Australians snub Asian studies

November 8, 2002

The study of Asian languages and culture in Australia is in a "crisis" exacerbated by the Bali bomb and the withdrawal of all Australian university students and staff based in Indonesia.

A report by the Asian Studies Association of Australia says that less than 5 per cent of university students undertake any systematic study of Asia and less than 3 per cent are studying an Asian language.

These figures are significantly lower than the targets proposed by a government inquiry 13 years ago. It recommended that by 2000, one in five students should be undertaking some study of Asia and one in ten learning an Asian language.

Robin Jeffrey, vice-president of the Asian Studies Association, said that while Australia's need for a thorough knowledge of Asia was growing, the nation's capacity to impart it was shrinking. Professor Jeffrey said fewer Asian languages were being offered by fewer universities than even five years ago.

The association report says the study of Indonesia and its language has faltered over the past five years while that of India and the countries of South and West Asia was contracted strikingly.

It warns that the momentum for the study of Asia that built up in the late 1980s and early 1990s is collapsing. Budget stringencies have led to a serious contraction in the number of university subjects devoted to Asia, while the pool of specialists is shrinking as a result of retirements and the lure of jobs overseas.

The report calls for a package of measures, using new technology, "to achieve critical mass and stability in the teaching of languages, particularly those in low demand".

Among its 15 recommendations, the report urges the government and education institutions to send strong signals to the community about the importance of understanding Australia's "largest, nearest and least-known strategic partners".

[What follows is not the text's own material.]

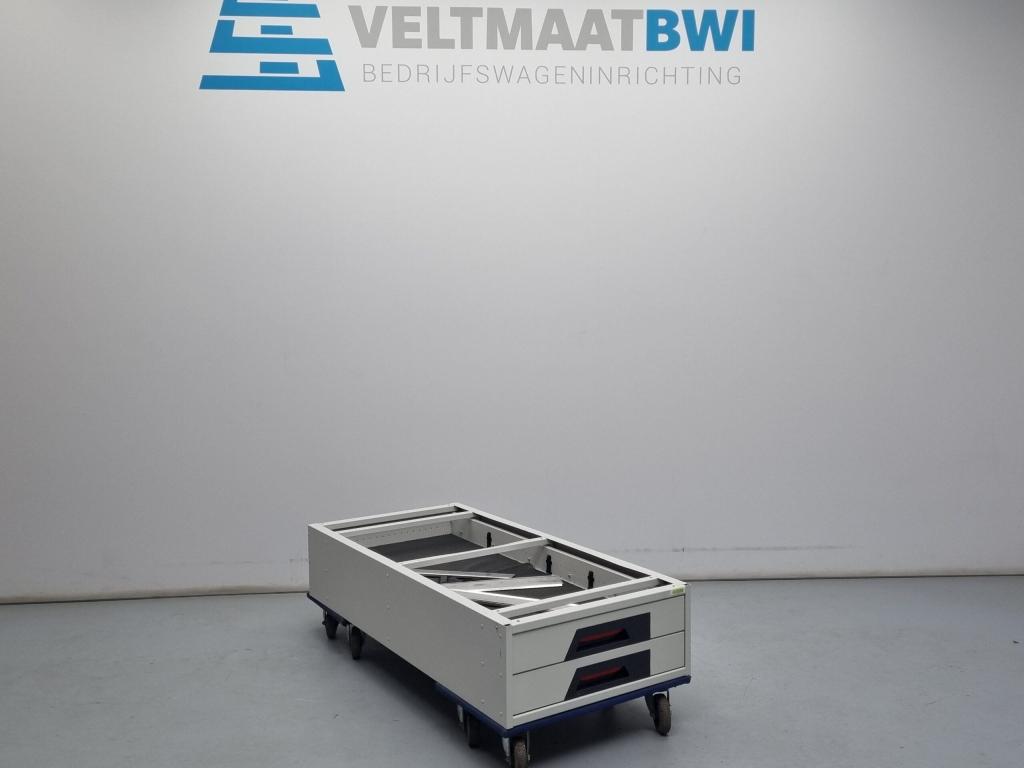 Sterntec vloerlade bodem lade bedrijfswagen inrichting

Until Bali, at least 26 universities had formal links with Indonesian institutions, which included student and staff exchanges, academic collaboration and joint research projects. Ten universities continue to offer offshore programmes in the multi-island nation, ranging from foundation courses to certificate, bachelor and masters degrees.

Prime minister John Howard urged Australians based in Indonesia to leave immediately. He said the situation was "infinitely more dangerous" and that the government's advice was to get out of the country. Universities have advised academics to avoid travelling to Indonesia.